I want to make the most of my time here, so I guess my only question is what do I need to do to succeed this year?
– Fearful Freshman

Thanks for writing, Fearful Freshman. I must say that I’m impressed with the ‘High School Musical’ reference, since you likely weren’t potty-trained when it first premiered.
But as for your concerns: I don’t blame you for feeling this way. You have every reason to feel intimidated. Make no mistake, this will be the most stressful year of your life, but luckily for you, I have some tips to help.
First, make sure you have all the supplies. Invest in the $3 agenda book. That’s not a plug to raise money for the school, I promise it’s worth every penny.

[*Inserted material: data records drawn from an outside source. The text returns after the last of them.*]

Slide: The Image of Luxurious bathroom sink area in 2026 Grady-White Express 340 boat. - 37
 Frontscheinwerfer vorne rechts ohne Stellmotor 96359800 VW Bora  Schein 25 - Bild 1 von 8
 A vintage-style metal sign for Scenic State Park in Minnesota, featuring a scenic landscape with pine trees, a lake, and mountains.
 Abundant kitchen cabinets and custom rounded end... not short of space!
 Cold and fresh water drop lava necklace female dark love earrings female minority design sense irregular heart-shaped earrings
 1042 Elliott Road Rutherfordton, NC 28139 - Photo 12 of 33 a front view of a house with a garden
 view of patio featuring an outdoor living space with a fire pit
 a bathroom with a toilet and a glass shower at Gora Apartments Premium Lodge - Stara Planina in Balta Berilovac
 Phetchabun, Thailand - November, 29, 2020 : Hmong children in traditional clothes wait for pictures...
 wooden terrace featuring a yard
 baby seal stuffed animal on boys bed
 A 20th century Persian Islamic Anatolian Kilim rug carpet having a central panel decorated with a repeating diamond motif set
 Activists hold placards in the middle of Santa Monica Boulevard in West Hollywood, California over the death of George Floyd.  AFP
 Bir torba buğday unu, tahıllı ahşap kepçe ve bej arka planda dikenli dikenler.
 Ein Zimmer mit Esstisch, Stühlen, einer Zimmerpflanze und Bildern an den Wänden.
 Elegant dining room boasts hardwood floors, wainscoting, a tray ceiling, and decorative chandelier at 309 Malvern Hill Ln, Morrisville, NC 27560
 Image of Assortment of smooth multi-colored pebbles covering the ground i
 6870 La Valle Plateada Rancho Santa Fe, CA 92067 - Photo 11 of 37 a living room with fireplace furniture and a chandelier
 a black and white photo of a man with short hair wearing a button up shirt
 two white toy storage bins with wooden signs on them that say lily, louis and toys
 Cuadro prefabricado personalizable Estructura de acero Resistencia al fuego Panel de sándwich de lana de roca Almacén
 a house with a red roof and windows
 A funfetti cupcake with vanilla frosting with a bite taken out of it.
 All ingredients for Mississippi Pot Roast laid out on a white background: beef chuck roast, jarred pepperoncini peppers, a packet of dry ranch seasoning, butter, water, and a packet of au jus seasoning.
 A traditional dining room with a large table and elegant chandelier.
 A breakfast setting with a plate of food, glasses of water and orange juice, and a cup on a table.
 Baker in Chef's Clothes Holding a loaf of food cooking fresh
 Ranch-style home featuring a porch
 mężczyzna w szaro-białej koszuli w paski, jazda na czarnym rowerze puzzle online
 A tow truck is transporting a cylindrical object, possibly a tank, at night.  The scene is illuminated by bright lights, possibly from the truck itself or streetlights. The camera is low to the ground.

You’ll need it to write down all the homework you won’t get assigned. I’d recommend purchasing a typewriter, too. This is high school; you’ll be doing more distinguished writing, so treat it as such.
Second, use your time wisely. You only have five minutes between classes, and this school is so big and confusing, so you’re better off full-out sprinting between periods. Afraid you’ll trip on your shoelaces? Wear velcro. It’s way more convenient and you’ll look cool. It’s a win-win scenario.
The uptick in notes you’ll have to take will take a toll on you, so become ambidextrous. You will save so much time using more than one appendage to write (I’m using my toes to type this right now).
Remember the fun you had at all your friends’ Bar/Bat Mitzvahs or basement hang-outs? Forget that. If you want to succeed this year, you can’t have a social life. You’ll need time to study for your regular tests and the ACT/SAT. You might as well get a head start and take those college aptitude tests this year. After all, this is the most crucial year when it comes to what colleges look at for admissions.
Taking any AP classes now or in the next few years? Study for those too. Your performance during freshman year will make or break whether you succeed after high school.
The most important thing to remember is that you’re on your own through all of this. What about my teachers, you might ask? They’ve got dozens of other students to worry about in your class alone, so adding their other classes makes you just a number in a factory. My friends, you whimper? You’re all competing to get into the best colleges after high school, you think you can trust them for help? Think again. Well my parents must be able to help me, you insist. So you’d think, but sadly it’s been decades since your parents were in high school. There’s no way they can help you in an environment they could never relate to. You’re all alone, so learn to be self-sufficient.
Seems harsh? Maybe, but I find spotting the humor and sarcasm in things has helped me cope.